Monadic control structures

Given that monads allow us to express sequential execution of actions in a wholly general way, could we use them to implement common iterative patterns, such as loops? In this section, we will present a few of the functions from the standard libraries which allow us to do precisely that. While the examples are presented here applied to IO, keep in mind that the following ideas apply to every monad.

Remember, there is nothing magical about monadic values; we can manipulate them just like any other values in Haskell. Knowing that, we might think to try the following function to get five lines of user input:

fiveGetLines = replicate 5 getLine

That won't do, however (try it in GHCi!). The problem is that replicate produces, in this case, a list of actions, while we want an action which returns a list (that is, IO [String] rather than [IO String]). What we need is a fold to run down the list of actions, executing them and combining the results into a single list. As it happens, there is a Prelude function which does that: sequence.

sequence :: (Monad m) => [m a] -> m [a]

And so, we get the desired action with:

fiveGetLines = sequence $ replicate 5 getLine

replicate and sequence form an appealing combination, so Control.Monad offers a replicateM function for repeating an action an arbitrary number of times. Control.Monad provides a number of other convenience functions in the same spirit - monadic zips, folds, and so forth.

fiveGetLinesAlt = replicateM 5 getLine

A particularly important combination is map and sequence. Together, they allow us to make actions from a list of values, run them sequentially, and collect the results. mapM, a Prelude function, captures this pattern:

mapM :: (Monad m) => (a -> m b) -> [a] -> m [b]

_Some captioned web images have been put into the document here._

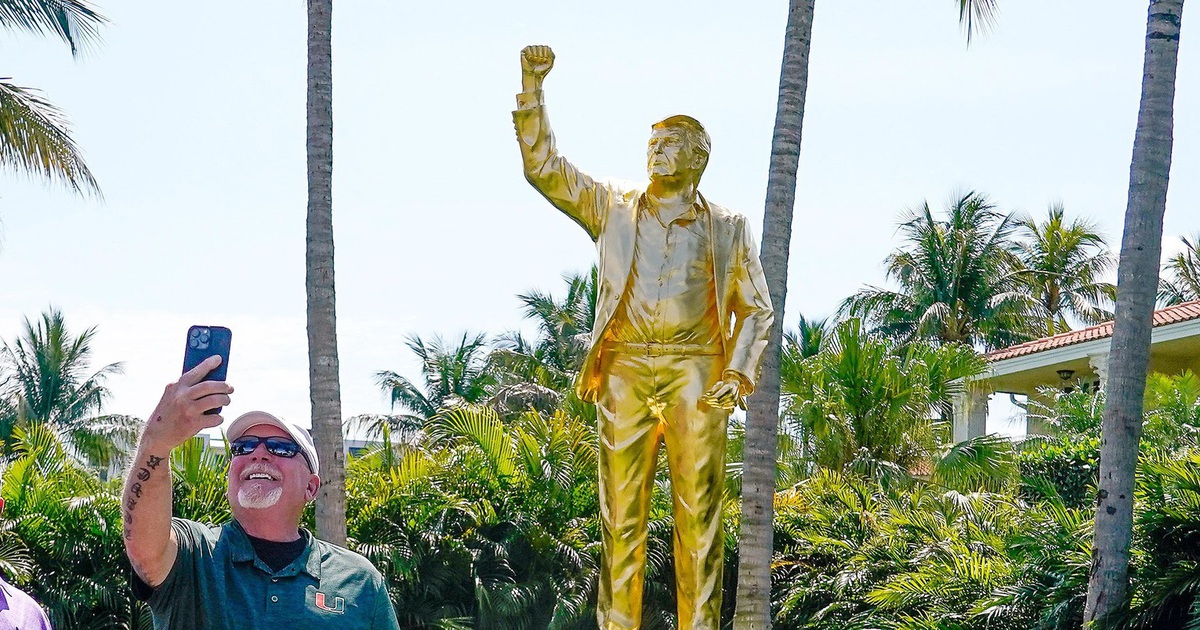Mục sư khẳng định tượng vàng của ông Trump không phải để thờ cúng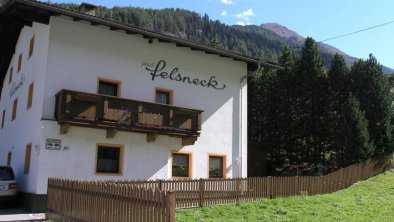 Haus Felsneck im Sommer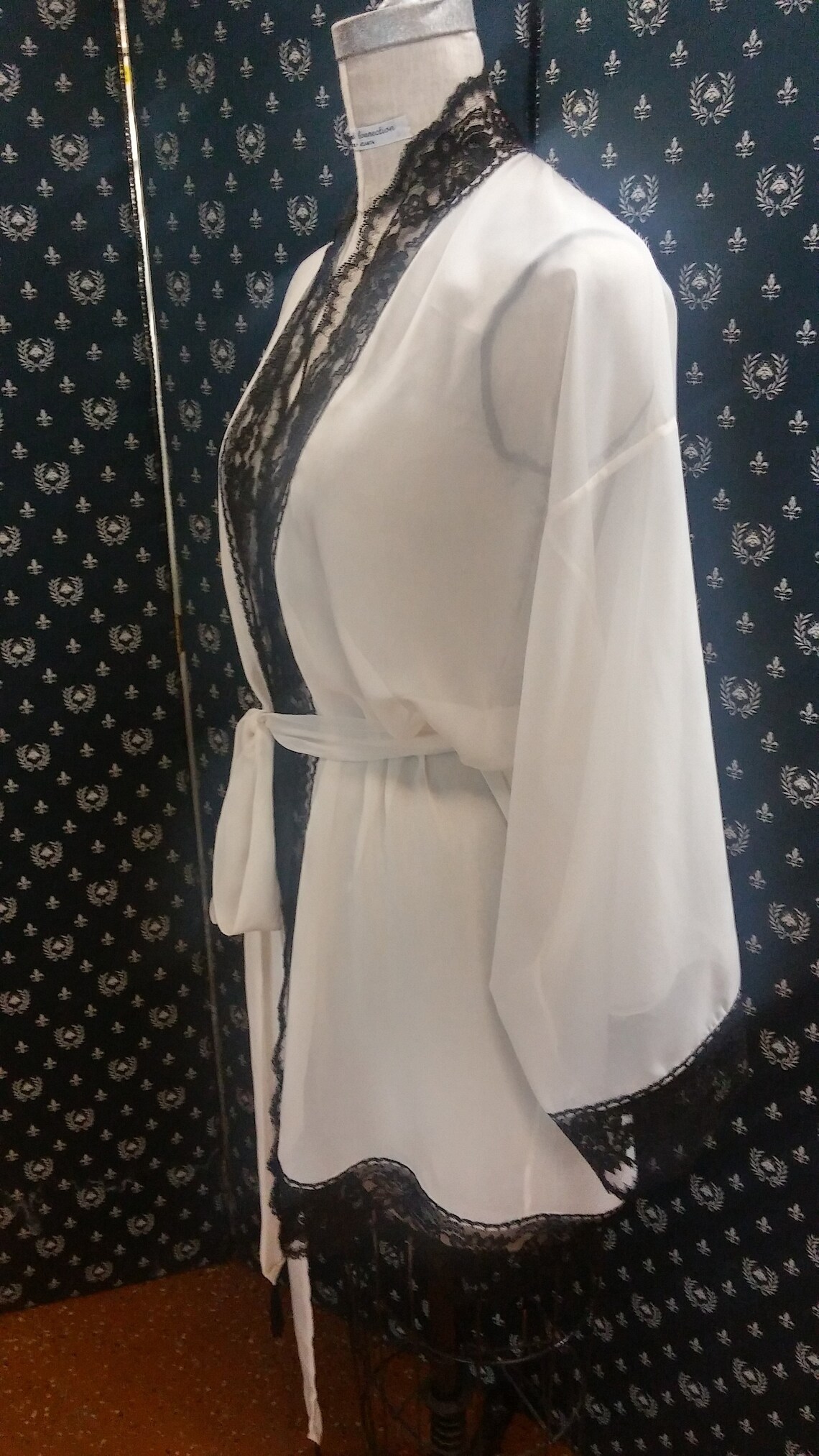 chiffon robe with fur trim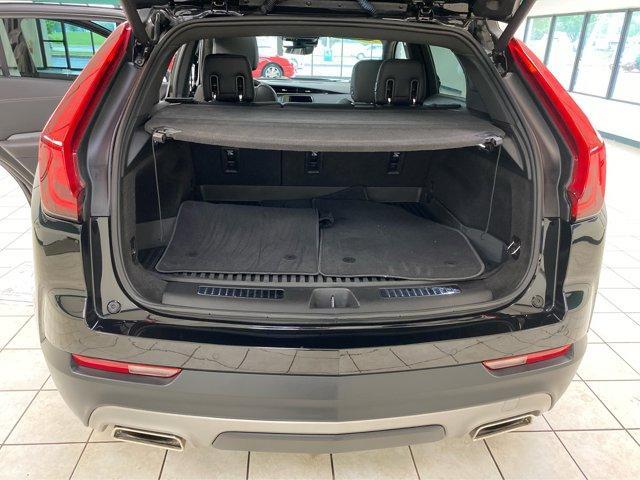 used 2022 Cadillac XT4 car, priced at $31,500
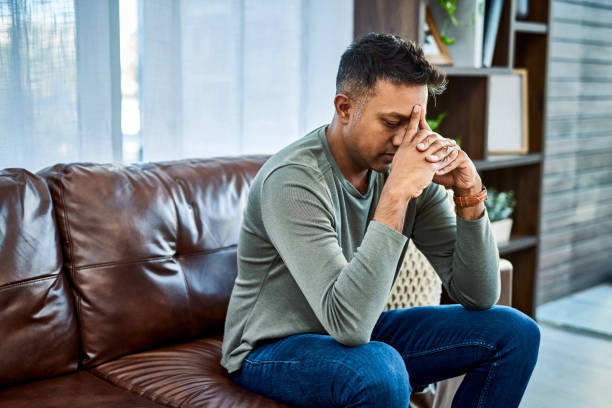 il est normal de demander de l’aide pour votre santé mentale - anxiety photos et images de collection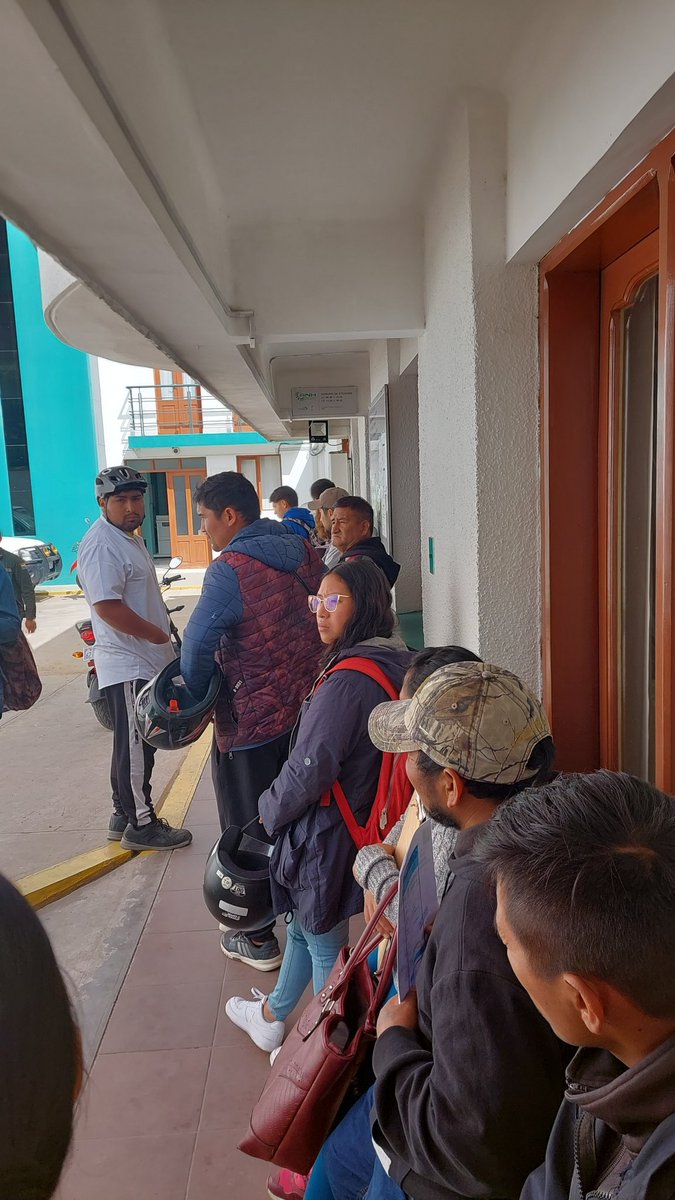 ixiguez's tweet photo. Larga cola #ANH #Sucre una sola señorita encargada de inspección a vehiculos y solo atienden hasta las 12:00. Ineficiecia total. https://t.co/kzPCNmprQR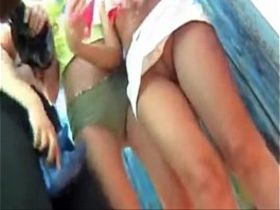 Трое молодых девушек переодеваются в кабинке, а одна из них засветила свою бритую пизду на скрытую камеру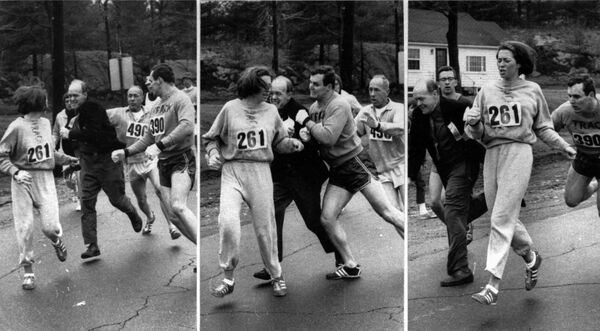 В 1960-х годах женщин не допускали к участию в марафонах, а Катрин Швитцер мечтала пробежать эту дистанцию наравне с мужчинами. Двадцатилетняя Катрин вышла на старт в 1967 году и первой из дам пробежала Бостонский марафон, несмотря на попытки организаторов силой утащить ее с трассы. После впечатляющих результатов Катрин через несколько лет женщины получили право участвовать в марафонах наравне с мужчинами. В 70 лет Швитцер повторила свой забег, ее результат был лишь на 20 минут хуже показанного 50 лет назад.  - Sputnik Беларусь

We also have variants of the above functions with a trailing underscore in the name, such as sequence_, mapM_ and replicateM_. These discard any final values and so are appropriate when you are only interested in performing actions. Compared with their underscore-less counterparts, these functions are like the distinction between (>>) and (>>=). mapM_ for instance has the following type:

mapM_ :: (Monad m) => (a -> m b) -> [a] -> m ()

Finally, it is worth mentioning that Control.Monad also provides forM and forM_, which are flipped versions of mapM and mapM_. forM_ happens to be the idiomatic Haskell counterpart to the imperative for-each loop; and the type signature suggests that neatly:

forM_ :: (Monad m) => [a] -> (a -> m b) -> m ()

Exercises
Using the monadic functions we have just introduced, write a function which prints an arbitrary list of values. Generalize the bunny invasion example in the list monad chapter for an arbitrary number of generations. What is the expected behavior of `sequence` for the `Maybe` monad?

Notes

↑ The technical term is "primitive", as in primitive operations.
↑ The same can be said about all higher-level programming languages, of course. Incidentally, Haskell's IO operations can actually be extended via the Foreign Function Interface (FFI) which can make calls to C libraries. As C can use inline assembly code, Haskell can indirectly engage with anything a computer can do. Still, Haskell functions manipulate such outside operations only indirectly as values in IO functors.
↑ One difference is that x is a mutable variable in C, and so it is possible to declare it in one statement and set its value in the next; Haskell never allows such mutability. If we wanted to imitate the C code even more closely, we could have used an IORef, which is a cell that contains a value which can be destructively updated. For obvious reasons, IORefs can only be used within the IO monad.